More and more people have purchased their offerings each week, she said. Each family is benefitting from the money, but it's still not as much as they earned before "everything changed," when Vizguerra could muster huge groups together in a church.
Still, Vizguerra is confident they'll be able to close the gaps. She's shown the other families that there's always a way to make it through the worst moments.
"It is possible to survive in difficult time," she said. "It is possible to survive and work and create ideas."
Back in the kitchen, Lupe Urquidez said the group has meant a lot. Her husband is currently detained in Arizona after he was deported and attempted to cross back into the United States to rejoin his family.
"It's important, because we support one another, financially and so we're not alone. We support each other emotionally," she said in Spanish. "Now, I have to support my family."
President Biden's immigration plan offers some hope amid the economic crisis.
In his first week in office, the new president signed executive orders that reversed some rules issued by President Trump and declared a 100-day freeze on deportations (though a judge in Texas has already challenged that). The Department of Justice also issued memos that redirected how the government should deal with people who arrive at the U.S. border, how judges should weigh cases and how U.S. Immigration and Customs Enforcement (ICE) should set their priorities.
Both attorneys Meyer and Harrington said they're feeling positive about their clients' futures under the new directives.
"We are feeling hopeful," Harrington said. "We know Biden can't fix everything, but we are very hopeful about this change where we're no longer having to wake up every day to new attacks against immigrants and refugees and asylum seekers."
Meyer said he's still waiting to see how the Biden administration will hold agencies like ICE accountable. And only Congress can create changes that could outlast the executive orders of a future president. The most crucial things, like who has the ability to apply for legal residency, rests with the legislature.

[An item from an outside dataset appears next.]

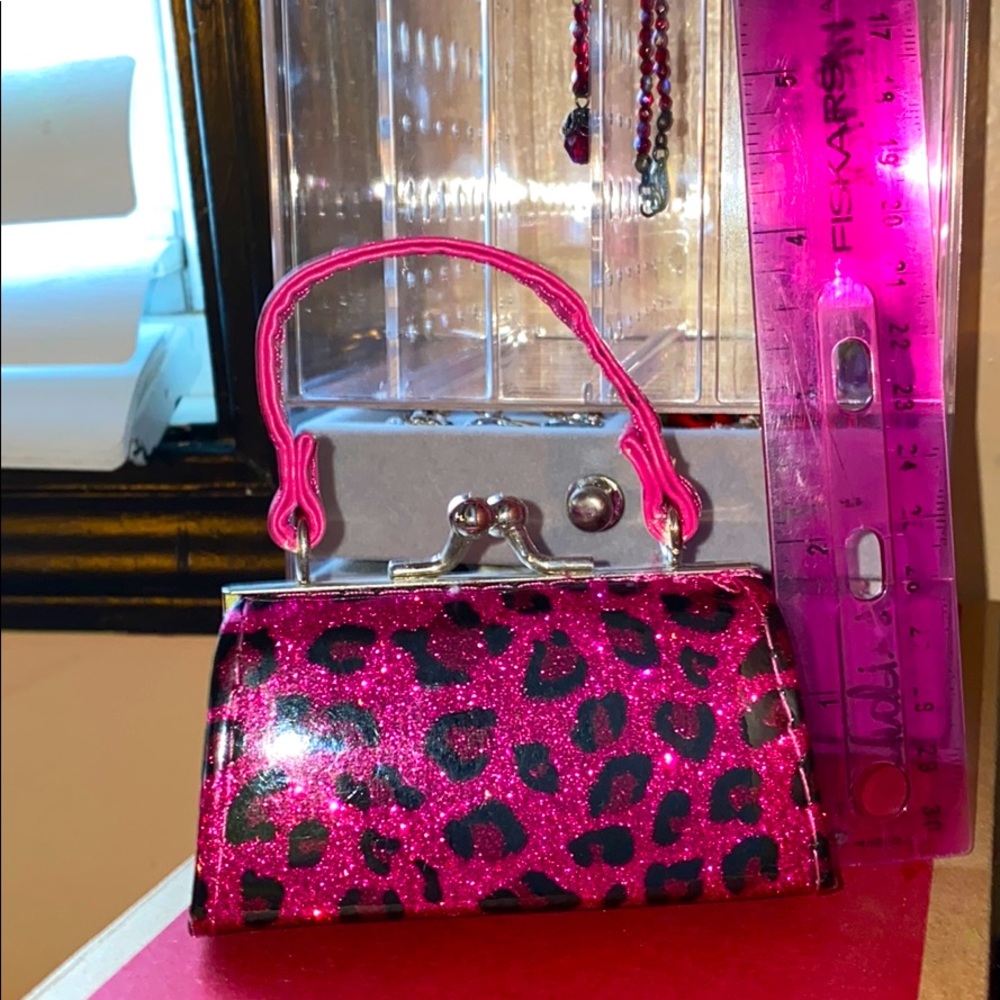Mini Coin Purse - Picture 4 of 4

Getting any measure through the closely divided Senate will take some political maneuvering.
"We're seeing good moves by the Biden administration, but it's really where the rubber meets the road," Meyer said. "My hope is that this is the first chapter in a story we write that has a happy ending for our immigrant families."

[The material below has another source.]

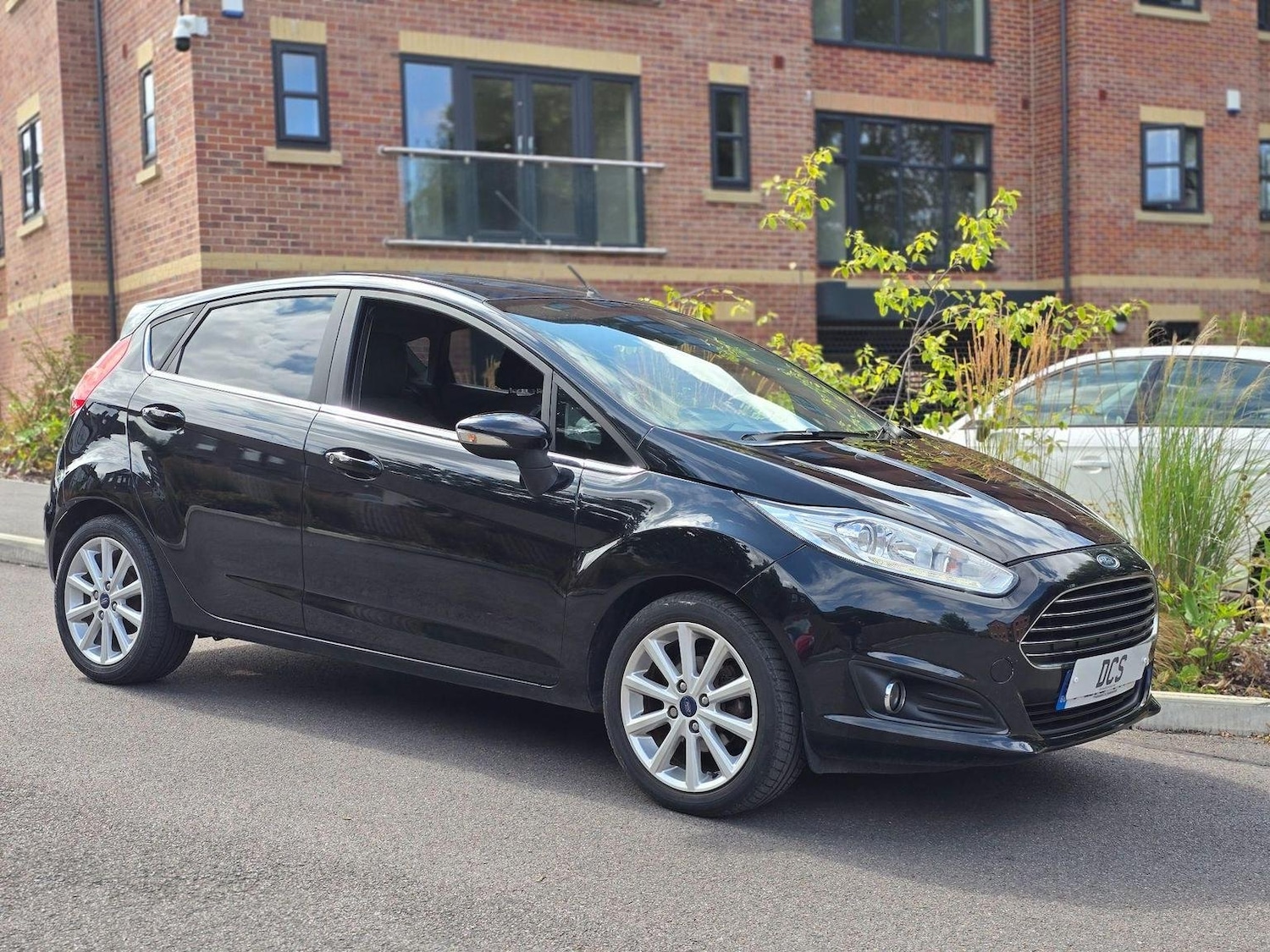 Used Ford Fiesta 2015 for sale - 76769191: Photo 2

Vizguerra said she's not getting her hopes up until she sees more substantial action at the federal level, calling Biden's deportation moratorium a "minimum step."
Martinez is waiting for a day when people like her husband, "people that are not a danger to this country," will be left alone to work and live without years of costly appearances in court.
"We have the hope that he will change things," Urquidez said of Biden. "That's what we're hoping for. A reform that will allow us to be here legally. So we're not in the shadows. So we can get out of this."